It would not be trivial to do. GDDR achieves higher speeds than normal DDR mainl...

magicalhippo · on May 14, 2023

Anandtech has an article on the GDDR6X variant[1] that NVIDIA has in their 3000-cards, where they use a more complex encoding to transmit two bits per clock edge.

I hadn't realized just how insane the bandwidth on the higher-ends cards are, the 3090 being just shy of 1 TB/s, yes, one terrabyte per second...

For comparison a couple of DDR5 sticks[2] will just get you north of 70GB/s...

[1]: https://www.anandtech.com/show/15978/micron-spills-on-gddr6x...

[2]: https://www.anandtech.com/show/17269/ddr5-demystified-feat-s...

jsheard · on May 15, 2023

The accelerators aimed squarely at datacenter use rather than gaming are even more ridiculous, Nvidias H100 has 80GB of memory running at 3.35TB/s.

q7xvh97o2pDhNrh · on May 14, 2023

Do you happen to know where Apple's integrated approach falls on this spectrum?

I was actually wondering about this the other day. A fully maxed out Mac Studio is about $6K, and it comes with a "64-core GPU" and "128GB integrated memory" (whatever any of that means). Would that be enough to run a decent Llama?

smoldesu · on May 15, 2023

It's certainly enough to run a decent Llama, but hardly the most cost-effective. Apple's approach falls between the low-bandwith Intel/AMD laptops and the high-bandwith PCIe HPC components. In a way it's trapped between two markets - ultra-cheap Android/Windows hardware with 4-8gb of RAM that can still do AI inferencing, and ultra-expensive GPGPU setups that are designed to melt these workloads.

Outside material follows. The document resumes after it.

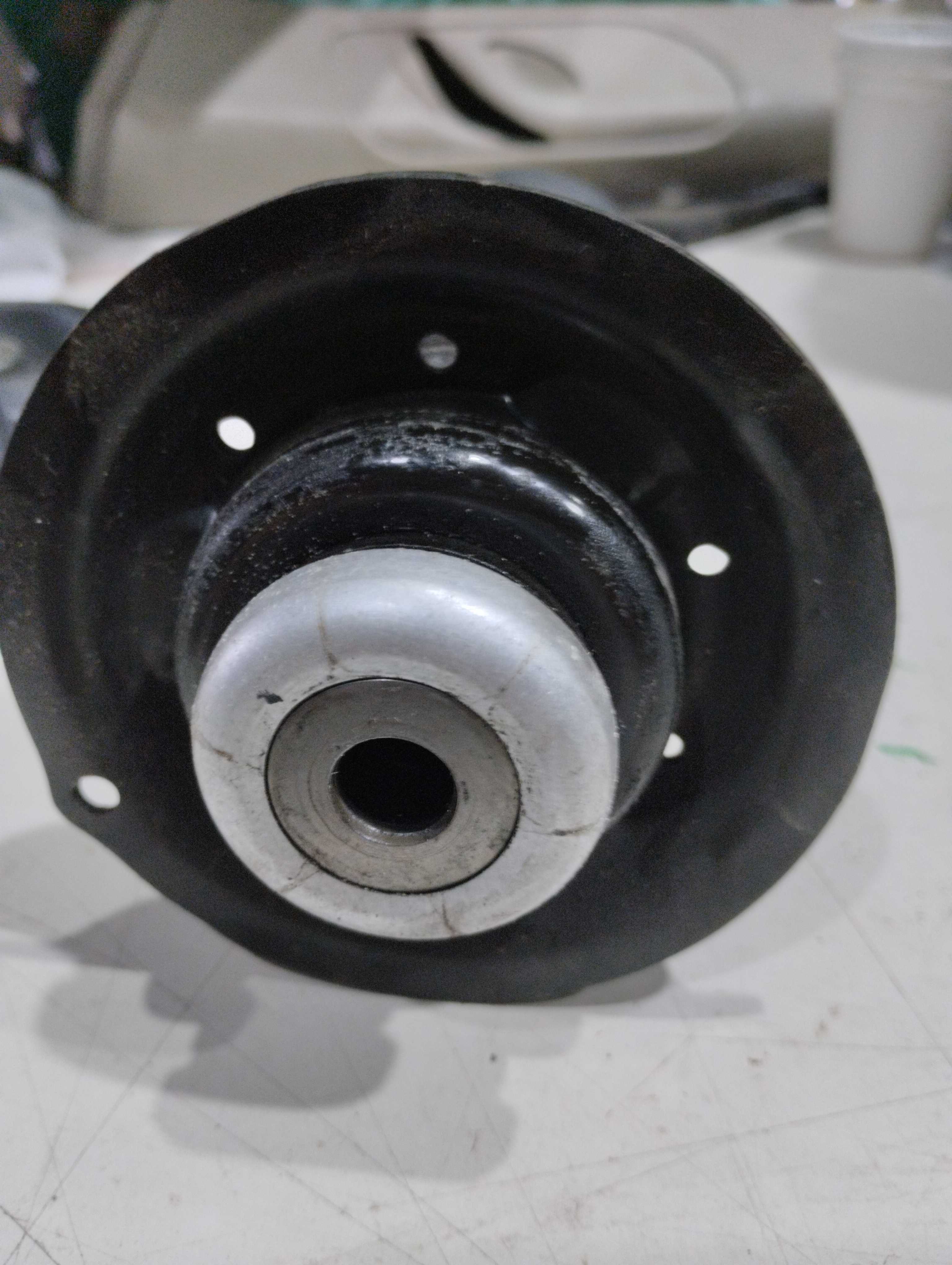 Coxim amortecedor dianteiro Nissan Versa march kicks 2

The genial thing to say is that it performs very favorable against other consumer inferencing hardware. The numbers get ugly fast once you start throwing money at the problem, though.

cudder · on May 14, 2023

The Mac's "integrated memory" means it's shared between the CPU and GPU. So the GPU can address all of that and you can load giant (by current consumer GPU standards) models. I have no idea how it actually performs though.

fennecfoxy · on May 17, 2023

Well yeah I guess binned cards come into play, cheaper binned cards have a narrower bus. It seems there are quite a few models that aren't too heavy on compute but require a tonne of vram.

It would be nice for Nvidia to release a chip targeted for medium compute/high memory, the lower binning of which should revolve around their max 384b bus on the 4090. But then, it would be hard to financially justify it on their end I suppose.